Simplicity. No fancy thrills or sexy, seductive models, straight-to-the-point text works for me (and a lot of other people too). Sure those flashy Sephora e-mails are full of millions of products I'd like but one simple tweet about free shipping actually brings in a sale.
Other companies like sports teams are equally effective. It's always nice to see a quick reminder from my beloved Bruins letting me know that they've released more tickets at student prices and even nicer to see that Blake Wheeler uses the account so I get the sense the players are real and that they care about the fans.

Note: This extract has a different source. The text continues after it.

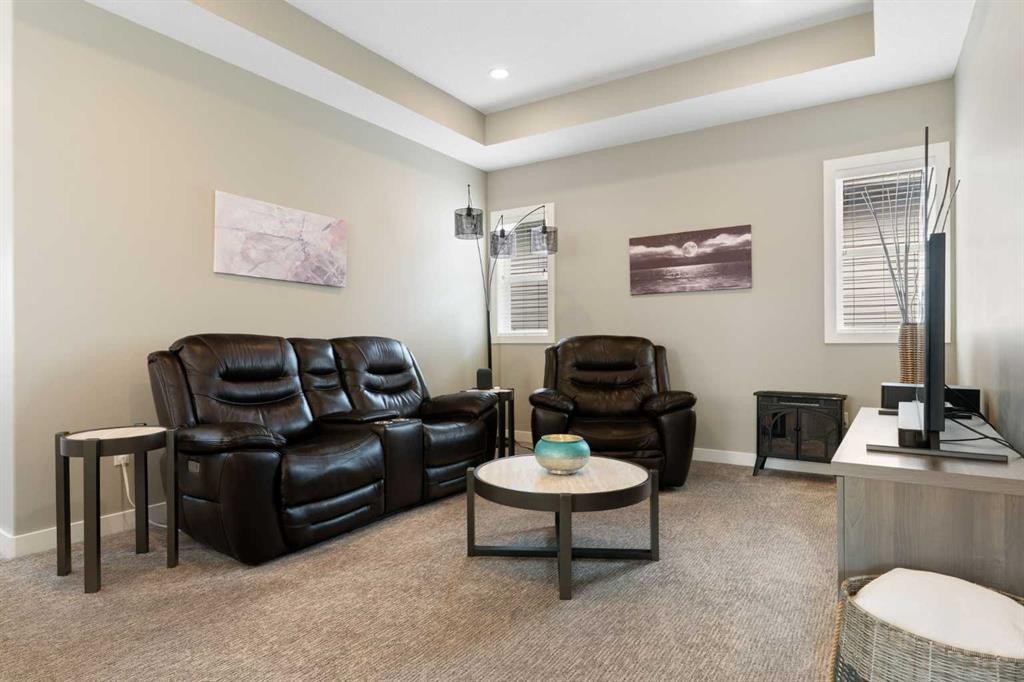 71 Sherview Grove Nw, Calgary, AB - Indoor Photo Showing Living Room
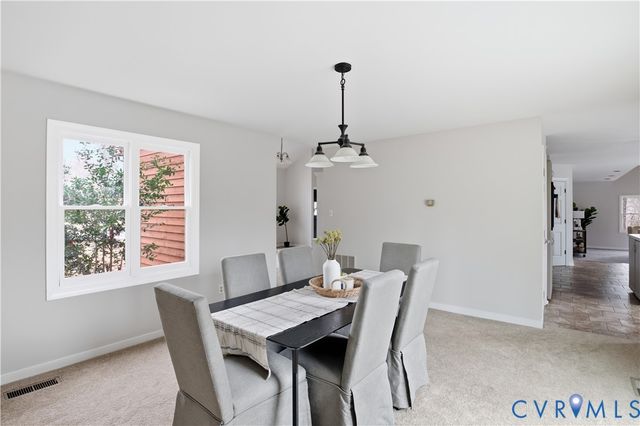 14429 Fox Knoll Dr, Colonial Heights, VA 23834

I myself am constantly trying to come up with new ways to use Twitter to connect to fans for my internship. We advertise sales, tweet about current merchandise, and post trendy fashion stories. It may sounds pretty simple, but it's hard work! Looking for news that is relevant and important is hard, narrowing down stories worth reading or that are likely to be read are also difficult. Something I find even stranger is that with an application that's all about being concise, for a company that's even more important. If I want our followers to retweet and comment, I need to make sure that tweets are less than 100 characters to allow for this.
But when done well, this hard work pays off. In fact, our tweets about our Black Friday sales were a huge hit and over the last few months we've done a great job of building our brand. For a second hand designer store, we're making a name for ourselves as a fashion expert- up on all the latest trends. This isn't a store for clothes that no one wanted, it's a mecca for bargain hunting fashionistas, and thanks to Twitter, we're getting the word out.
Meanwhile, my own wallet is falling for all of it- makeup, sports tickets, clothing, half-price burritos- I'm buying it all. In a world where everyone is talking about tight budgets at Christmas, advertisers need to be creative. And they certainly are. In 140 characters or less at that.